Misja HR – odpowiedzialność za przyszłość, a nie budżet
W przypadku pracy w HR rzecz idzie nie o to, żeby być ważnym działem. Nie o projekty, systemy czy raporty dla centrali, choć te, robione należycie i z wysoką jakością, są ważnym źródłem danych pomagających formułować wnioski nt. przeszłości i przewidywać trafnie przyszłość. W pracy strategicznego HR-owca chodzi o ludzi. Głównym celem HR jest dostarczanie wiarygodnych danych i argumentów pokazujących, że najważniejszym kapitałem firmy, gwarantującym jej bezpieczeństwo istnienia i silną pozycję w przyszłości, są zaangażowani i kompetentni ludzie, wpisani w ramę mądrze zaprojektowanej, elastycznej struktury. Że ten najcenniejszy kapitał, nie „miękki” ale „twardy” (bo dający się mierzyć, rozwijać i pomnażać lub trwonić) wymaga sztuki zarządzania nie tylko wynagrodzeniami, headcountem i kompetencjami, ale motywacją, zaangażowaniem, kreatywnością i różnorodnością wykraczającą daleko poza płeć. Tej sztuki zarządzania dziś wymagamy nie od specjalistów HR, tylko od sprawnych menedżerów, przygotowanych na przyszłe trendy i wyzwania biznesowe.
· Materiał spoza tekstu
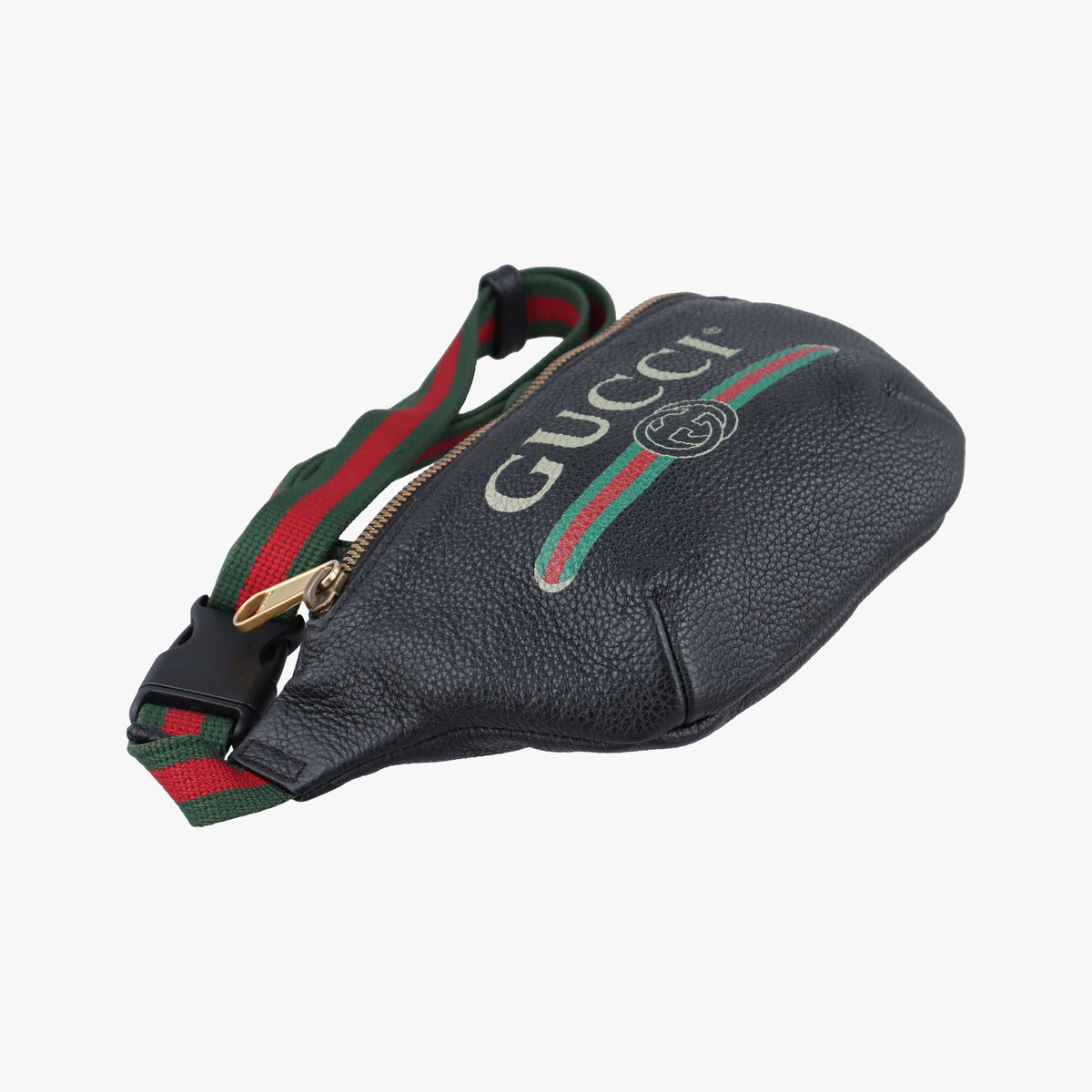 Secondhand Gucci Print Black Leather 527792 bum bag/waist bag | stylenewstar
Zadaniem HR jest nieustannie przypominać, że dzisiejszy rynek, dzięki zmianom postaw konsumenckich, wymaga spełnienia obietnicy marki. To zaś mogą zrobić nie technologie i produkty nieróżniące się zbytnio od siebie, a wyłącznie ludzie, którzy pracują w ramach określonej, przemyślanej i budowanej z determinacją kultury. Taka zaś będzie kultura, jakie akceptowane i nagradzane na co dzień postawy i wartości oraz wynikające z nich poczucie sensu wykonywanej pracy.
Nadawanie sensu pracy
I tak doszliśmy do sedna dzisiejszego felietonu, czyli do:
- nadawania sensu pracy
- zarządzania atmosferą i energią organizacyjną oraz
- odpowiedzialności za przyszły stan kultury zarządzania i przywództwa
jako głównych wyzwań stratega HR.
Wiemy już, że kultura zje strategię na śniadanie. Nawet najlepsze koncepcje biznesowe polegną wobec silnej lub destrukcyjnej kultury kreowanej przecież przez ludzi, a nie korporacyjne centrale czy działy HR. Kultury budowanej w praktyce codziennego organizacyjnego życia, a nie pobożnych życzeń formułowanych na spotkaniach zarządów.
Spełnianie obietnicy marki (bo marka to drugi kluczowy kapitał firmy stanowiący o wycenie jej wartości) i prezentowanie wartości firmowych w działaniu, zależy wyłącznie od ludzi, wspieranych lub osłabianych przez lepsze lub gorsze systemy i technologie. Kultura firm zależy od wszystkich, którzy wchodzą ze sobą w interakcje w pracy.
Nowe kompetencje i kierunki działania HR
Dzisiejszy strateg HR jest już świadom potrzeby budowania marki zespołu HR, marki przywództwa czy marki własnego zarządu w organizacji. On ma większe aspiracje.
- Rozwija swoją kadrę kierowniczą tak, by potrafiła w zrozumiały i motywujący sposób mówić o strategii, kulturze i wartościach oraz budować zaufanie niezbędne do tworzenia kultury innowacji.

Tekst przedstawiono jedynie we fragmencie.